No dia seguinte ao do anúncio da revisão constitucional, a proposta de lei da revisão foi entregue na Assembleia Nacional. Foi sem surpresa que se confirmou que nenhuma das preocupações que levavam muitos cidadãos a ansiar pela revisão da Constituição (modo de eleição do Presidente da República e «racionalização» dos poderes, bem como um equilíbrio harmonioso – de pesos e contrapesos – entre os órgãos de soberania) fazia parte da proposta presidencial.
Das questões que são objecto de revisão, são de referir: a confirmação, por outras palavras e expressões, que a Assembleia Nacional não pode fiscalizar os «auxiliares» do Titular do Poder Executivo. A “fiscalização” só pode ser feita na base e nos limites da análise de relatórios apresentados por aqueles responsáveis, apenas ao nível das Comissões, e sem a presença deles; e para que eles possam ir ao Parlamento responder às perguntas e preocupações dos deputados, devem ser previamente autorizados pelo Titular do Poder Executivo, que fixa, desde logo, o âmbito e os limites das suas intervenções. E o procedimento não consubstancia qualquer responsabilidade política nem deve, de maneira nenhuma, provocar a demissão de tais responsáveis ou auxiliares políticos.
Por outro lado, põe-se termo ao gradualismo, na implementação das autarquias, mas nada garante que elas possam ainda ser efectivamente instaladas no decorrer do mandato dos deputados e do Presidente da República.
Finalmente, consagra-se a independência do Banco Nacional de Angola (BNA), para se garantir a existência de uma política cambial e monetária livre das imposições e ingerências do poder político, para a estabilidade da moeda e da economia. Valerá a pena essa consagração? Será suficiente para atingir os objectivos proclamados? Duvidamos muito que isso aconteça: a independência da justiça também tem consagração constitucional, mas ela é não só dependente, como está inteiramente subordinada ao interesse político (e mesmo pessoal) do titular do poder. É difícil que os resultados sejam diferentes no que se refere ao BNA.

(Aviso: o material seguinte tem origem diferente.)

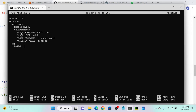MySQL is already available as an image — we only need to pull it, then create user, password, and database. But for the application, it's not a built image. If you had already created and pushed an image to Docker Hub, you'd specify the image name and it would pull automatically. Since I haven't done that yet, I specify build: dot, pointing to the Dockerfile in the current directory.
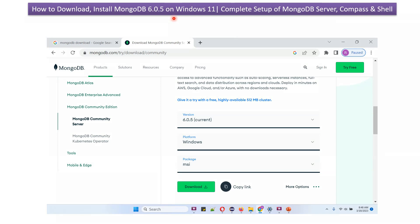In this video tutorial I will explain how to download and install MongoDB 6 on the Windows 11 operating system.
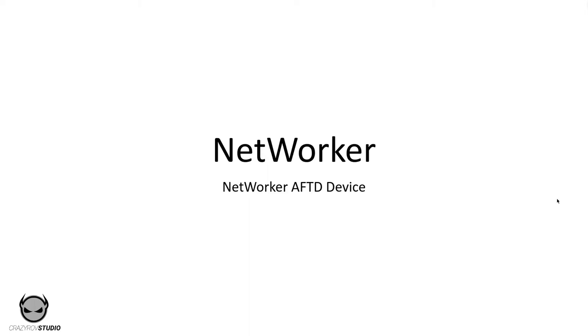Hello, welcome back to another video in the NetWorker learning series. In this video we will learn about advanced file type device or as usually referred to as AFTD in NetWorker. We will look at how to configure and manage an AFTD device.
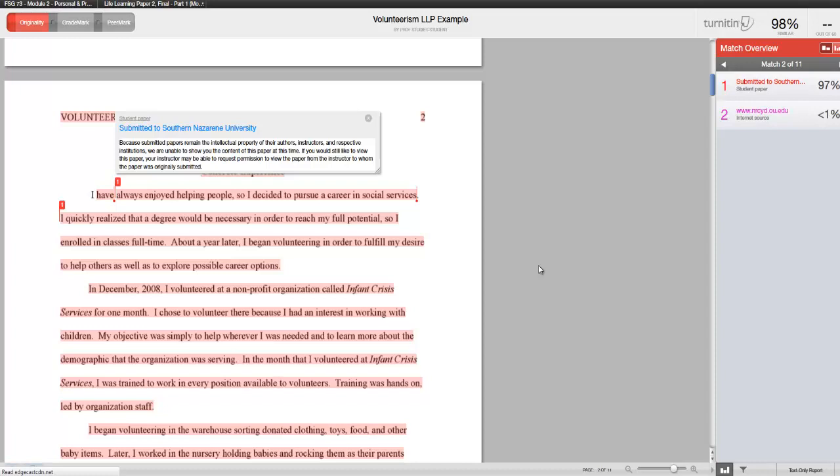If your instructor allows multiple submissions and you find that your originality report is high, you may choose to ensure your sources are cited correctly or make changes using your own words. Once you have made changes to your document and resubmit it, you will receive a new originality report.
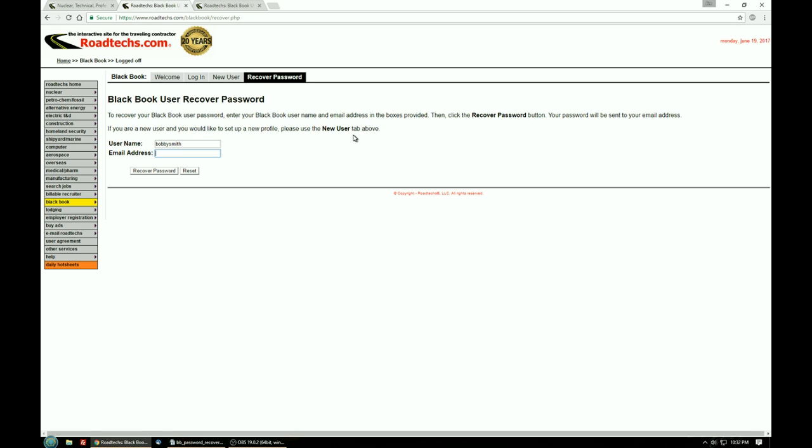Now those of you that have multiple email accounts, you need to use the one you used when you created your BlackBook account. This is the address that the password is going to be sent to and it's also used to verify that you are who you say you are. So we enter that.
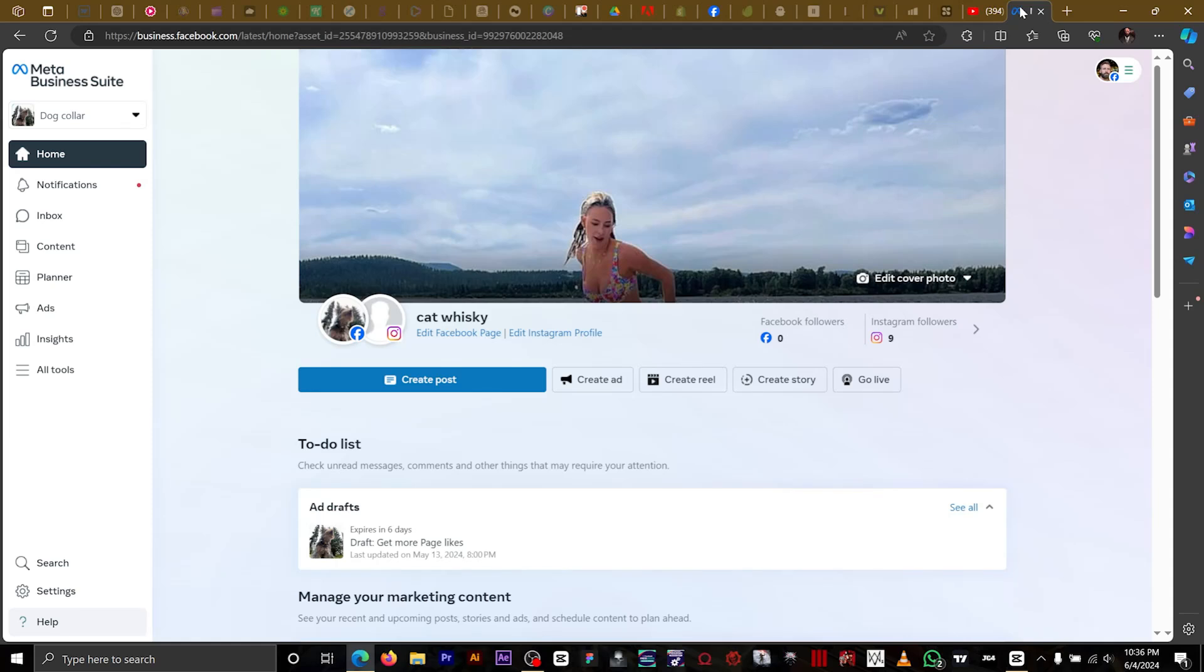Hey guys, in this video I'm going to teach you how to get access to your client's Facebook ad account.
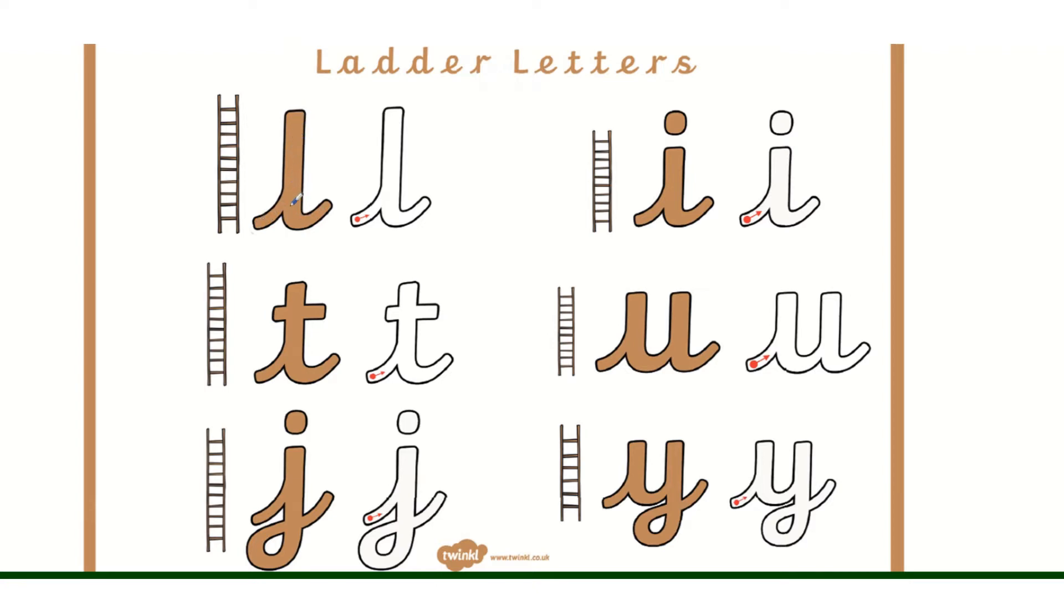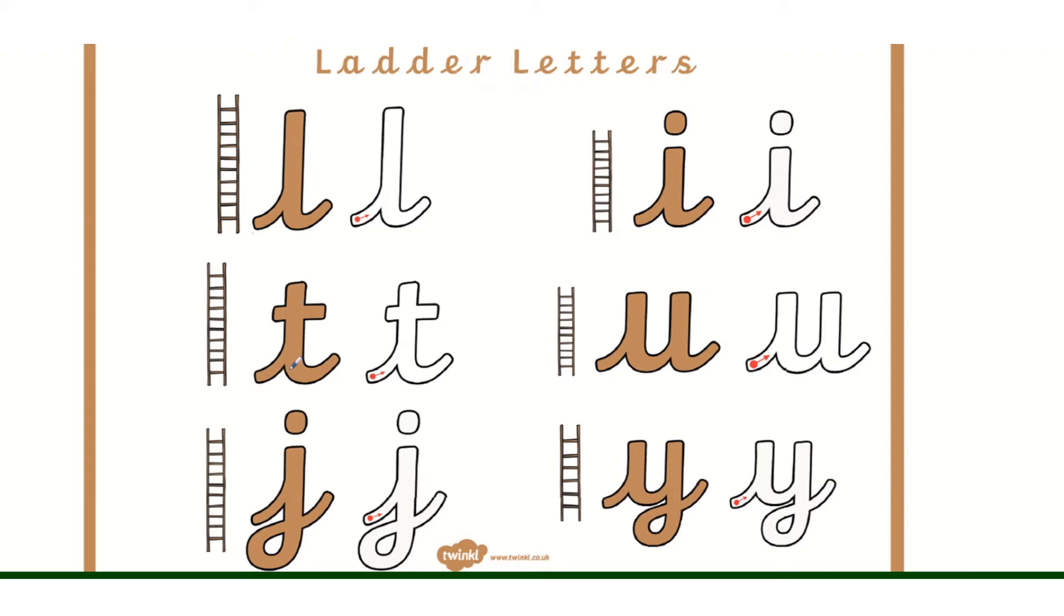L ladder. So again we start where the little dot is. We start if you've got lined paper, we start where the dot is for every letter. So we've got L, I, T, U, J, and Y.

E quanto ao direito de voto dos angolanos no estrangeiro, não vemos que vantagens imediatas poderá ter. Ainda que o voto deles venha a ser verdadeiramente livre, não terá incidência nenhuma nos resultados eleitorais.
Esta é a realidade da revisão constitucional: não foi pensada nem vai ser realizada em prol do Povo. Não só os seus anseios não foram tidos em conta, como também o próprio Povo não foi tido em conta, não foi ouvido (não foi tido nem achado). E, embora alguns pensem que a lei de revisão poderá ser enriquecida e aprofundada na Assembleia Nacional, é evidente que, para além da retórica e da verborreia que a ocasião (da discussão da proposta proporcionará), nas suas linhas gerais, é o «pacote preparado, concluído e fechado» por João Lourenço que será aprovado, e que integrará a Constituição.
Resta saber qual será o impacto real que a revisão terá na vida dos cidadãos. Muito pouco, pelo menos em termos de vantagens, de benefícios ou de ganhos. Embora os objectivos verdadeiramente prosseguidos pelo Titular do Poder Executivo não estejam ainda claramente definidos e perceptíveis ao cidadão comum, é evidente que a revisão constitucional não foi gizada a pensar no Povo, nem estará ao seu serviço. A revisão servirá exclusiva ou essencialmente os interesses do poder, ou seja, os interesses do Titular do poder Executivo, que a aprova a cerca de vinte meses do fim do seu mandato. A sua oportunidade, a sua pertinência e o seu alcance último não se enquadram no âmbito do «melhorar o que está bem e corrigir o que está mal», nem no reforço da luta contra a impunidade e a corrupção.